15 August 2016 : the Assumption with the Little Sisters
“When Mary our Mother was with child by the Spirit her body became the first altar of the Eucharist and she made haste to go to meet Elisabeth.” (Cardinal Bro 24/01/2016)
At the approach of the feast of the Assumption, we would like to prolong the invitation of the 2016 Easter Message to welcome the Mystery of the Eucharist by looking again at some Church texts that help us to contemplate Mary, the Eucharistic woman. Let us be renewed, through her, in the love of Christ.
We borrow from Saint John Paul II this original expression “Eucharistic woman”, in the encyclical Ecclesia de Eucharistia. (At the school of Mary, the Eucharistic women, chapter six):
“The relation between Mary and the Eucharist can be seized indirectly from her inner attitude. Mary, through her whole life, is a ‘Eucharistic woman’. The Church, looking at Mary as its model, is called to imitate her also in her relation with this most Holy Mystery.

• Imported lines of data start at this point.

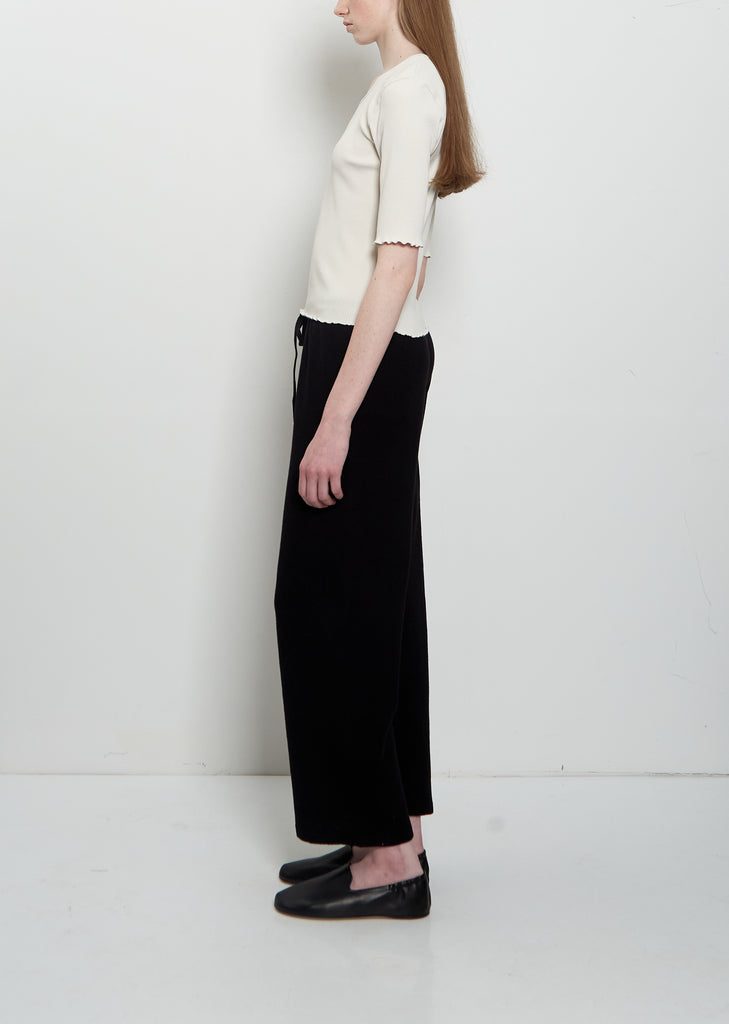 Crepe Cotton Linen Capri Pants — Black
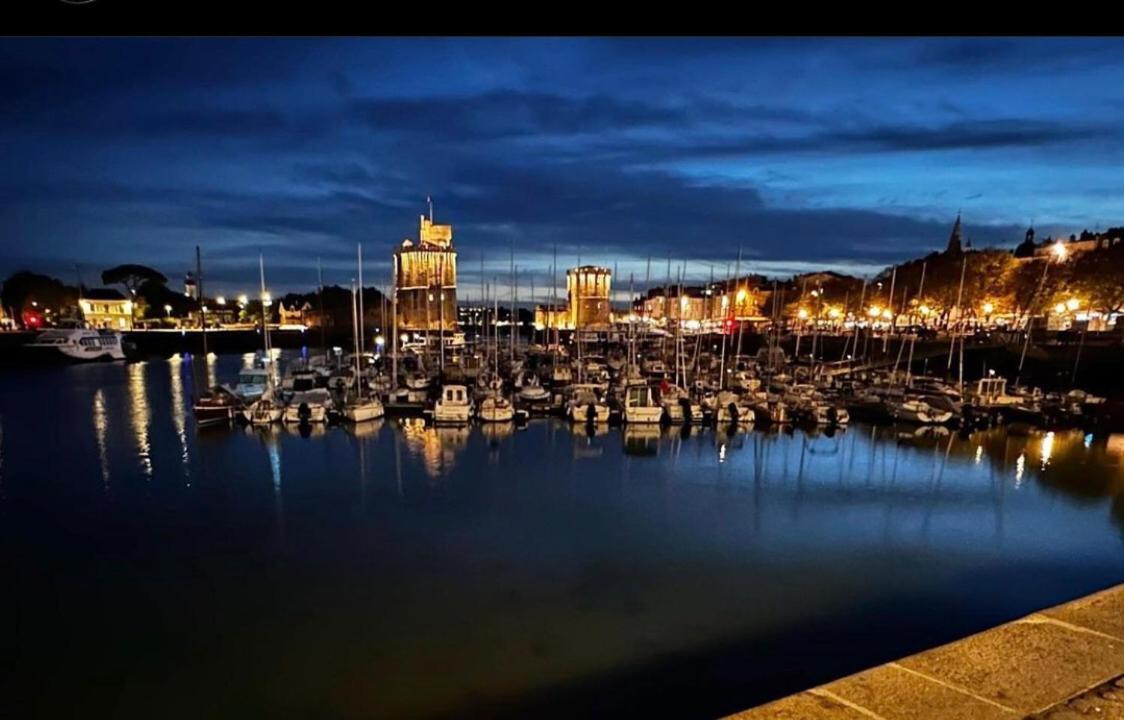 Nuits Oceanes A La Rochelle Avec Parking Privatif Διαμέρισμα Εξωτερικό φωτογραφία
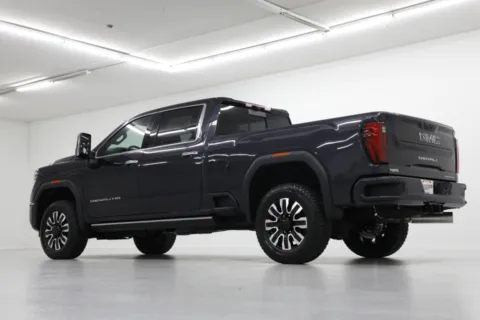 More photos of 2025 GMC Sierra 2500HD Denali Ultimate at Jim Falk Motors, MO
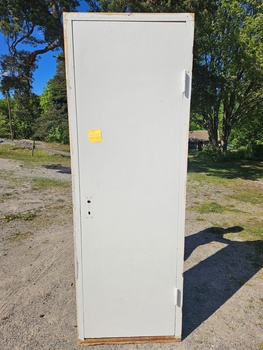 Enkeldörr med karm, 72x210cm, finns på Överjärva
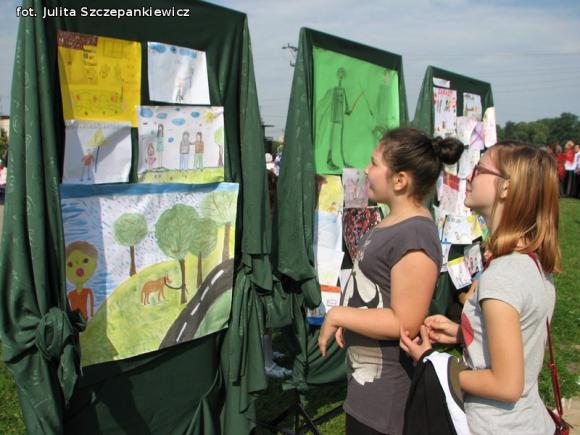  Festyn rodzinny i przegląd folklorystyczny w Krośniewicach
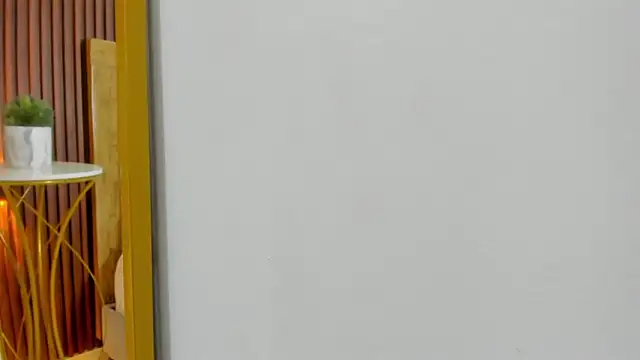 Snapshot of kaitt_ chatting on December 15, 2025, 12:33 pm kaitt online show from December 15, 2025, 12:33 pm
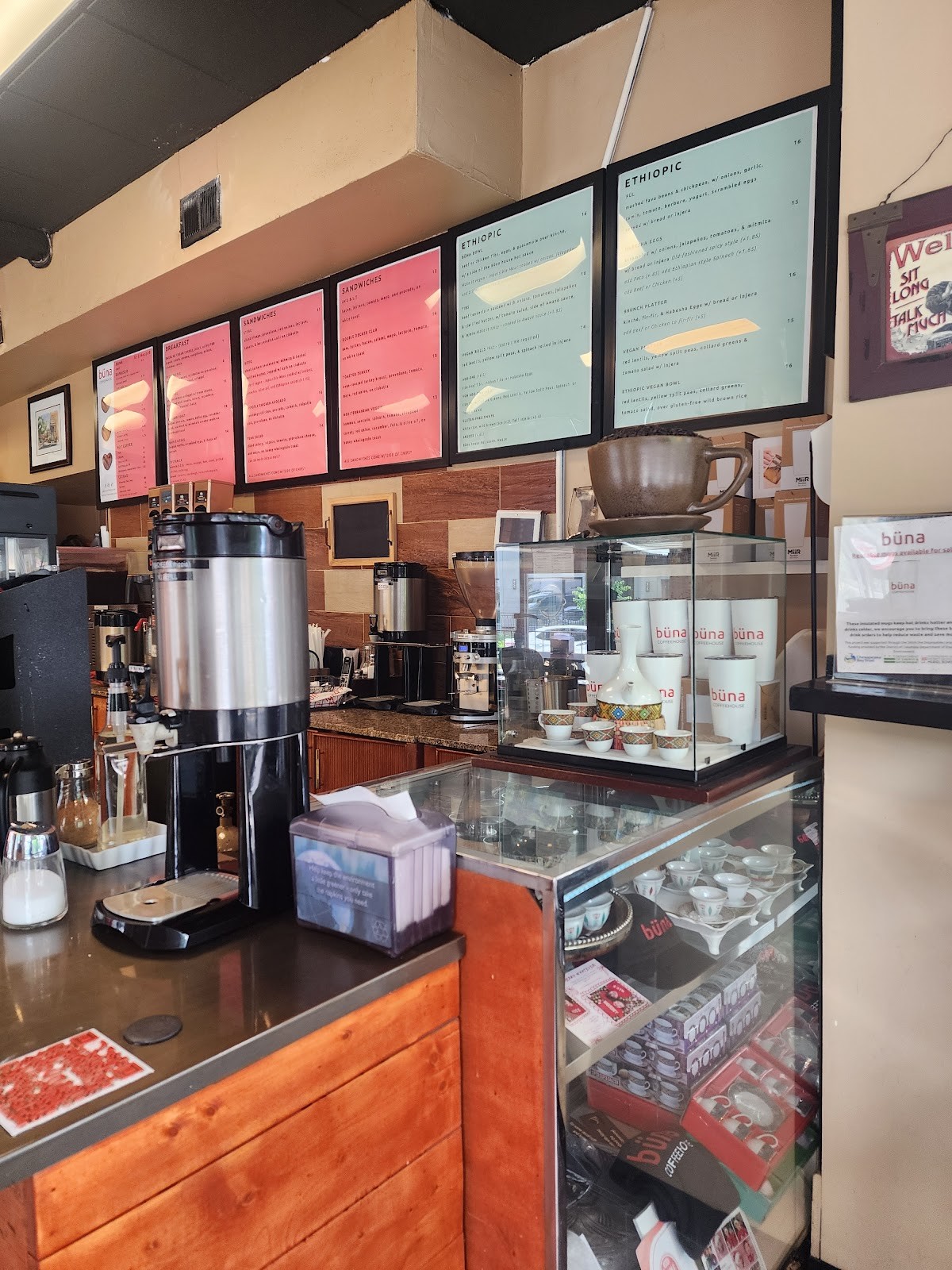 Büna Coffeehouse: the place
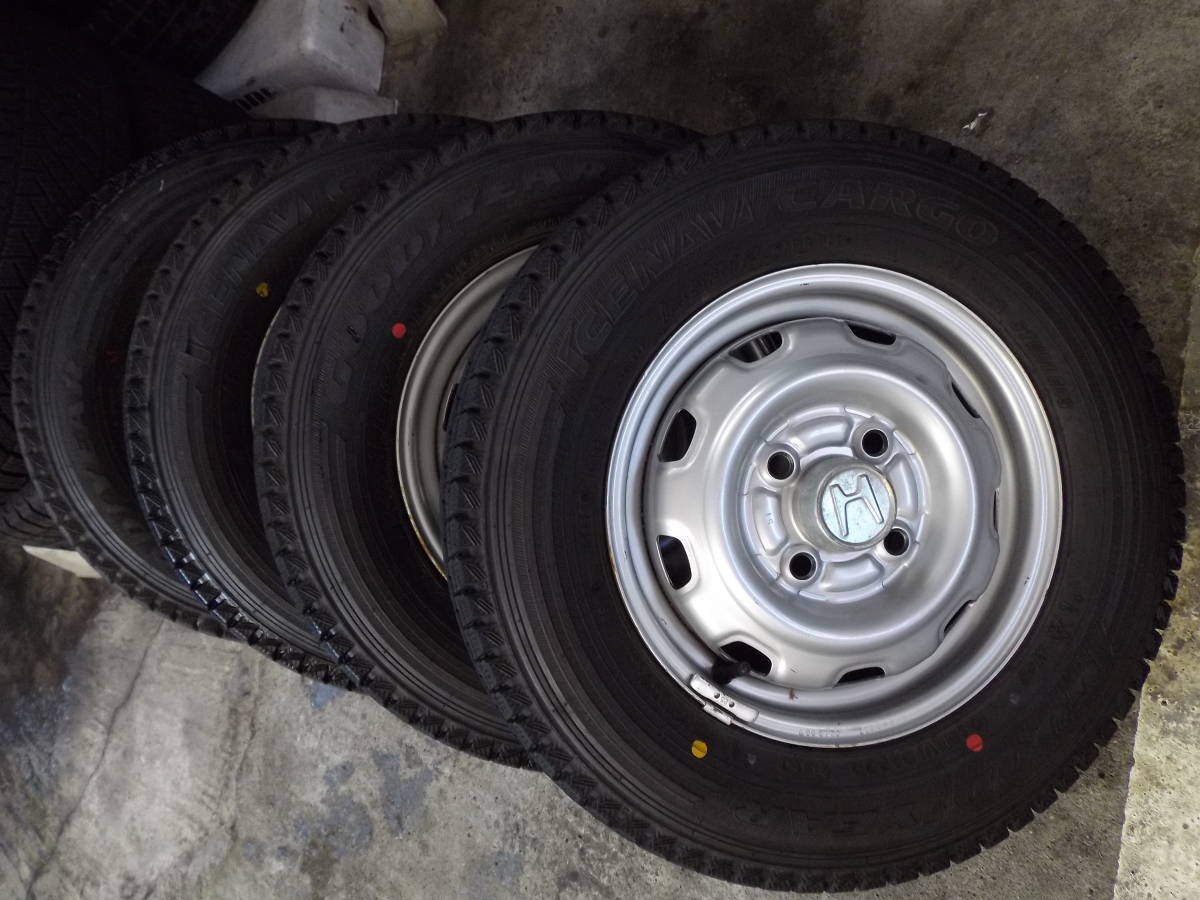 ホンダ鉄ホイール 12×3.5J PCD100☆バリ溝のスタッドレス 145R12 LT 4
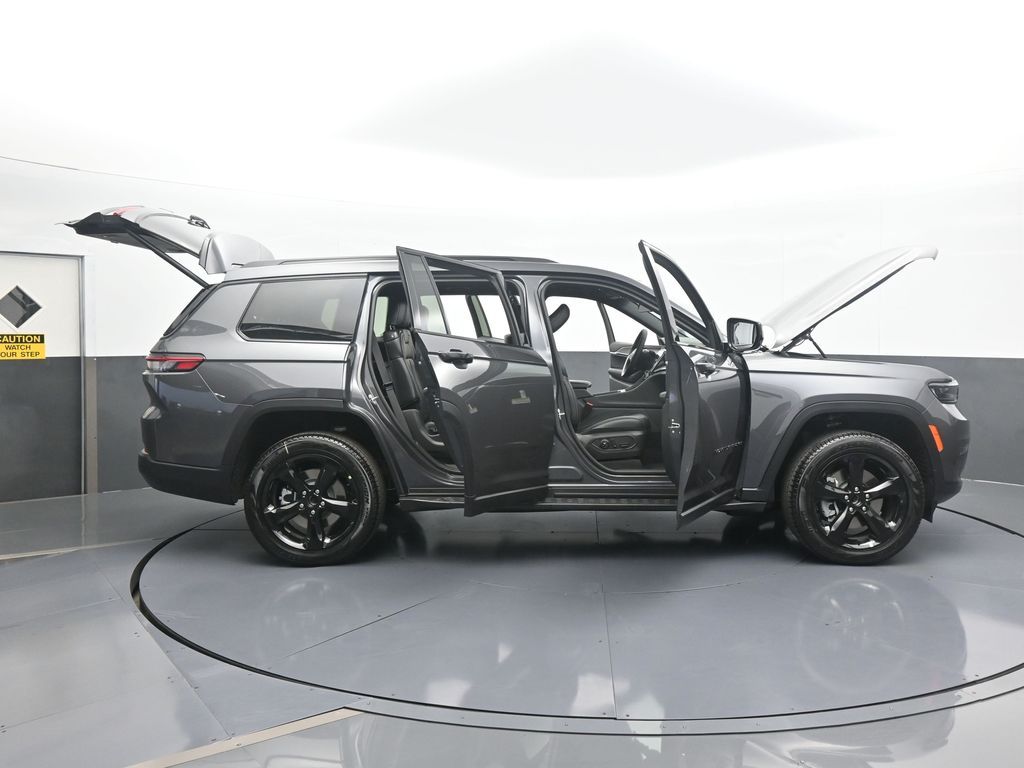 Used 2025 Baltic Gray Metallic Clearcoat Jeep Limited image 42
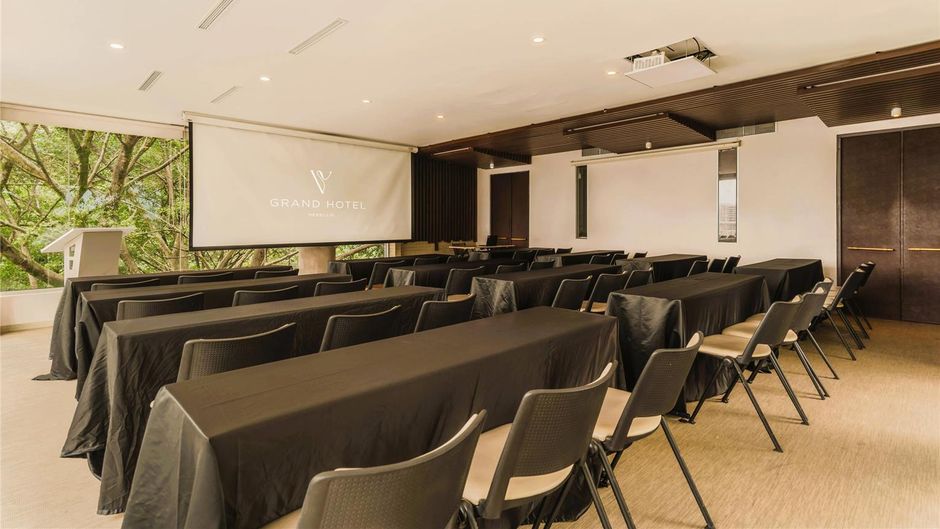 V Grand Hotel Meeting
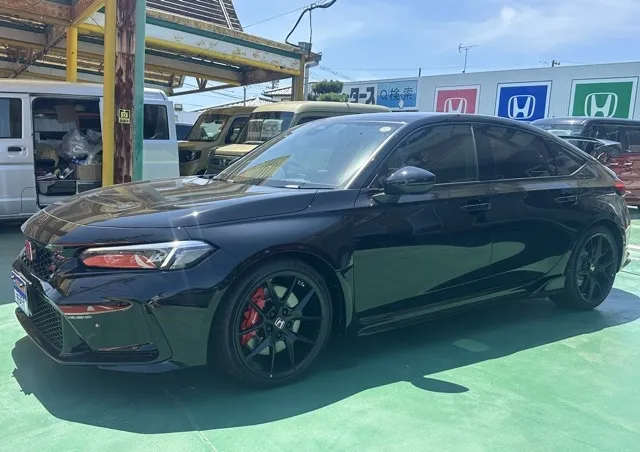 シビック(ホンダ)タイプR レーシングブラックPKG登録済未使用車 1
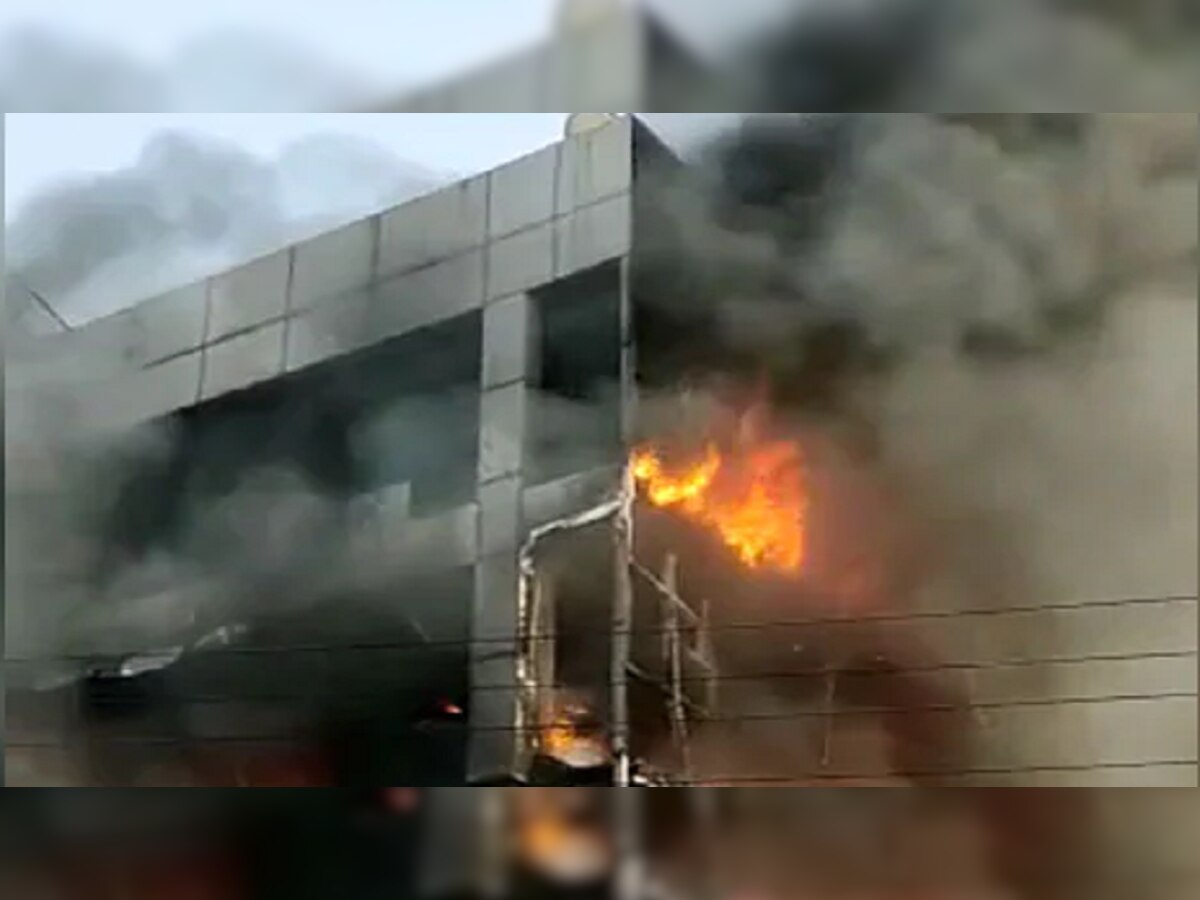 दिल्लीत अग्नितांडव, इमारतीला भीषण आग, 20 जणांचा दुर्देवी मृत्यू  title=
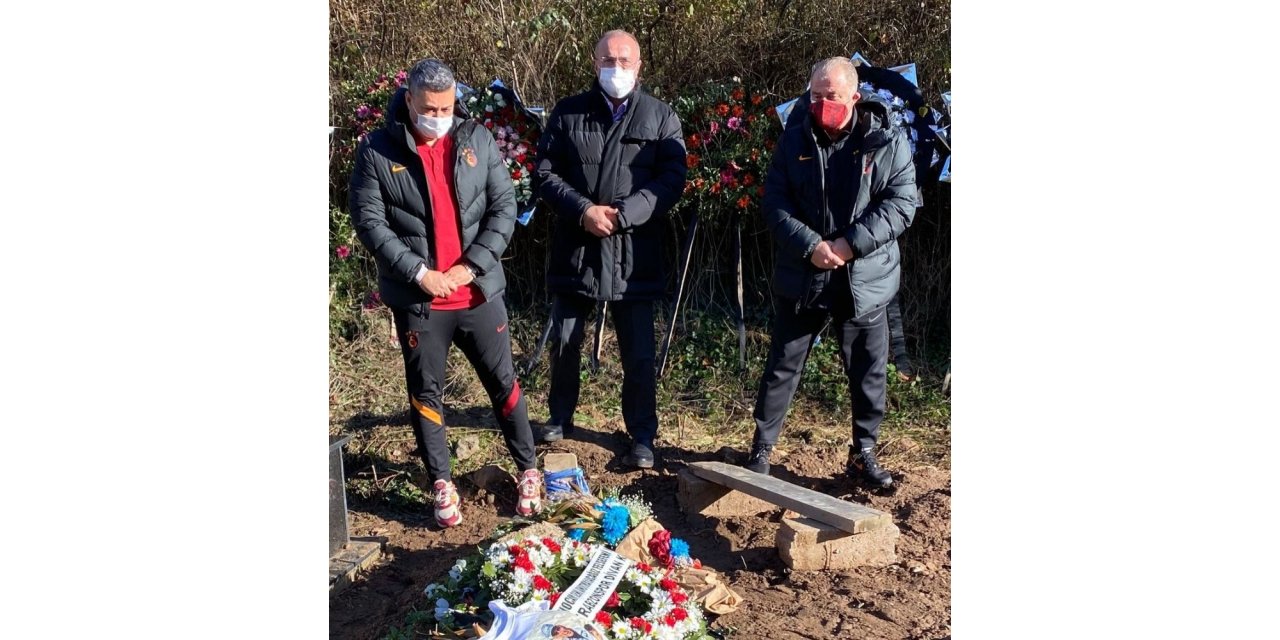 Albayrak, Terim ve Şahin, Özkan Sümer’in mezarını ziyaret etti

If the Eucharist is a mystery of faith that surpasses our intelligence to the point of obliging us to abandon ourselves utterly to the word of God, nobody other than Mary can be a support and guide to us in such an undertaking. When we repeat the action of Christ at the Last Supper in obedience to his commandment: “Do this in memory of me!” (Lk 22:19), we receive also at the same time the invitation of Mary to obey Him unhesitatingly: “Do whatever he tells you” (Jn 2:5). Mary, with the maternal concern she showed at the wedding in Cana, seems to say to us: “Don’t hesitate in the least, trust my Son’s words. He, who was able to change water into wine, is also able to change bread and wine into his body and his blood, transmitting to believers, in this mystery, the living memory of his Passover, so as to become in that way “Bread of Life”. …
“Blessed is she who believed…” (Lk 1:45): in the mystery of the Incarnation Mary also anticipated the Eucharistic faith of the Church. When, on the occasion of the Visitation she carried within her the Word made flesh, she became in a way a “tabernacle” – the first “tabernacle” of history – in which the Son of God, as yet invisible to human eyes, presented Himself for the adoration of Elisabeth, almost “radiating” his light through the eyes and the voice of Mary…”
Let us listen also to Pope Benedict XVI in the post-synodal exhortation Sacramentum Caritatis, 2007:
“Mary of Nazareth appears as the person whose freedom is totally available to the will of God… The virgin who listens… who retains in her heart the words that come to her from God and, arranging them like a mosaic, prepares herself to understand them more profoundly (Lk 2:19-51). Mary is the great Believer who, filled with trust, placed herself in the hands of God, abandoning herself to His will.”
From the Annunciation to the Cross, Mary is the one who welcomes the Word made flesh in her and who remains silent up to death. It is she, finally, who receives in her arms the body offered up, now inanimate, of the One who truly loved his own "to the end" (Jn 13:1).
“That is why, each time in the liturgy that we approach the Body and Blood of Christ, we also turn towards the one who received the sacrifice of Christ for the whole Church by associating herself fully with it… She is the Immaculate one who unconditionally welcomed the gift of God and in that way she is associated with the work of salvation. Mary of Nazareth, icon of the Church coming into being, shows us that each of us is called to receive the gift of himself that Jesus makes to us in the Eucharist.
In conclusion, let us recall the words of our Founder:
(Mary) “She always corresponded with the graces received from God.” (16 August 1894).
“She is of God, in God and for God.” (9 September 1896)
“Remember that the Most Holy Virgin is, in her Visitation, the model that you must copy; remember also that you must be ready to bear all kinds of fatigue in order to care for the sick and, above all, bring them Our Lord, who is the only one who converts hearts and makes saints. 2 July 1891
Gathered as a Congregation for this feast of the Assumption, we ask Mary to accompany us and to be, like her, centred on God so as to respond to His calls today.
May this time of preparation for the General Chapter through the reflection and review being proposed during these months, place us in this disposition so as to be, each one and all together, open “to the surprises of God”.